Osławiony już raport Julii Pitery o działalności CBA na razie nie ujrzy światła dziennego - pisze "Rzeczpospolita". Dlaczego? - Na obecnym etapie nie ma sensu upubliczniać tego raportu, tak samo jak nie publikujemy roboczych notatek - mówi gazecie poseł PO i członek komisji ds. służb specjalnych Konstanty Miodowicz.
Poseł Platformy dodaje w rozmowie z dziennikiem, że dziś informacji zawartych w raporcie minister odpowiedzialnej za walkę z korupcją w żadnym razie nie dałoby się "przekuć w akt oskarżenia". Raport ma według Miodowicza czysto "roboczy i pomocniczy charakter". Może i powinien być natomiast materiałem do dalszych badań.
Burza w szklance wody?
Za tym, by dużą część raportu ujawnić, opowiada się Janusz Zemke, inny członek sejmowej komisji do spraw służb specjalnych. Poseł SLD również uważa jednak, że sprawy, które Pitera opisała w swoim raporcie są dyskusyjne i wymagają wyjaśnień szefa CBA Mariusza Kamińskiego.

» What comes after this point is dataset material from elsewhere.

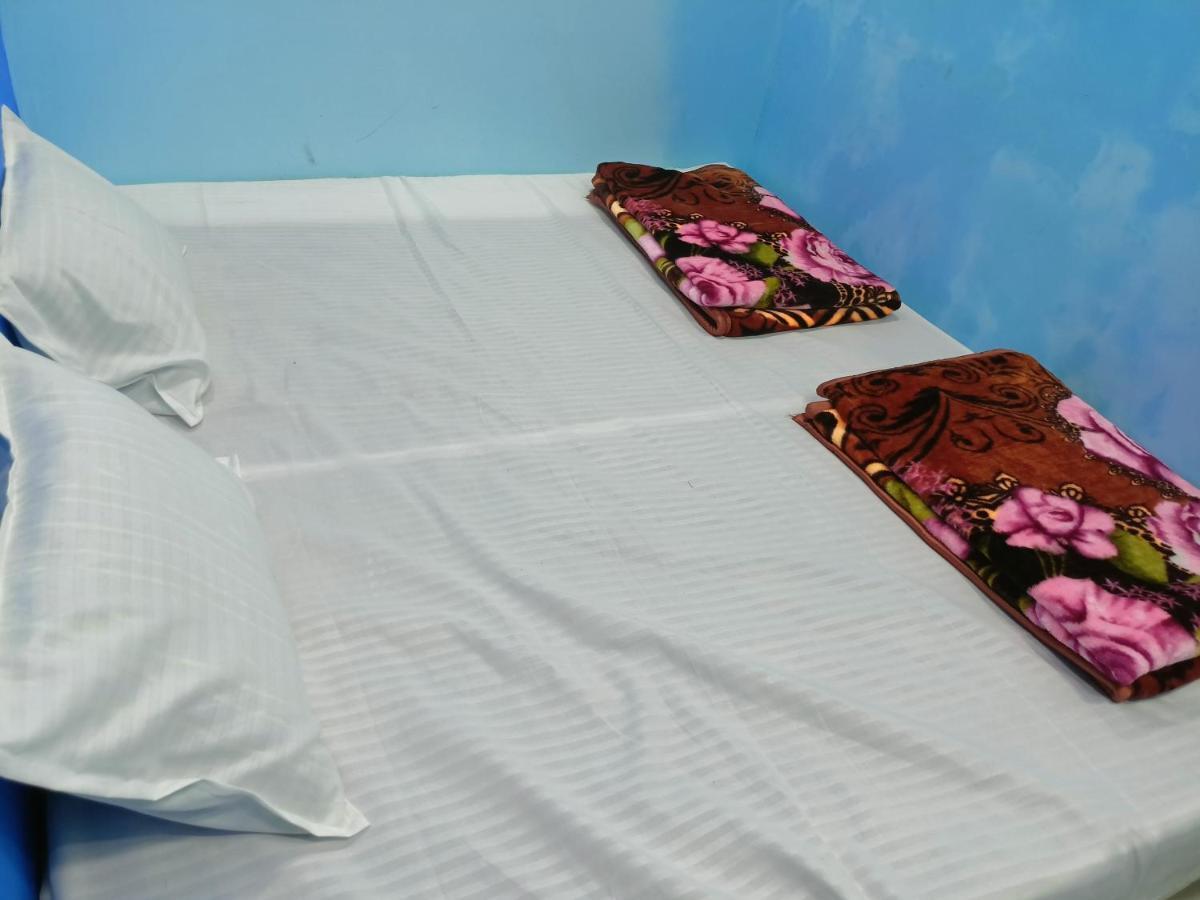 Baba Guest House Ujjain Eksteriør billede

Posłowie z komisji zgodnie twierdzą, że jeśli szef Biura nie będzie mógł zapoznać się z materiałami Pitery, to dokumentem w ogóle nie ma sensu się zajmować.
"Rzeczpospolita" zwraca uwagę na jeszcze jeden fakt - cała sprawa może zakończyć się burzą w szklance wody z innego powodu. Trybunał Konstytucyjny wkrótce wyznaczy bowiem termin zbadania konstytucyjności zapisów powołujących CBA. Jeśli uzna je za niezgodne z konstytucją, biuro zakończy działalność, a spór stanie się bezprzedmiotowy.
Kontrowersje wokół raportu Pitery
Julia Pitera, minister w kancelarii premiera odpowiadająca za walkę z korupcją, przekazała premierowi Donaldowi Tuskowi materiał dotyczący działalności CBA w grudniu 2007. Status dokumentu i jego tajność budzą spory. W lutym Pitera tłumaczyła, że raport jest jedynie notatką powstałą w formie elektronicznej, nie ma podpisu ani tytułu, nie posiada też oznaczeń kancelaryjnych. W kwietniu mówiła zaś, że raport jest oficjalnym dokumentem opatrzonym klauzulą "tajne" i przechowywanym w kancelarii tajnej.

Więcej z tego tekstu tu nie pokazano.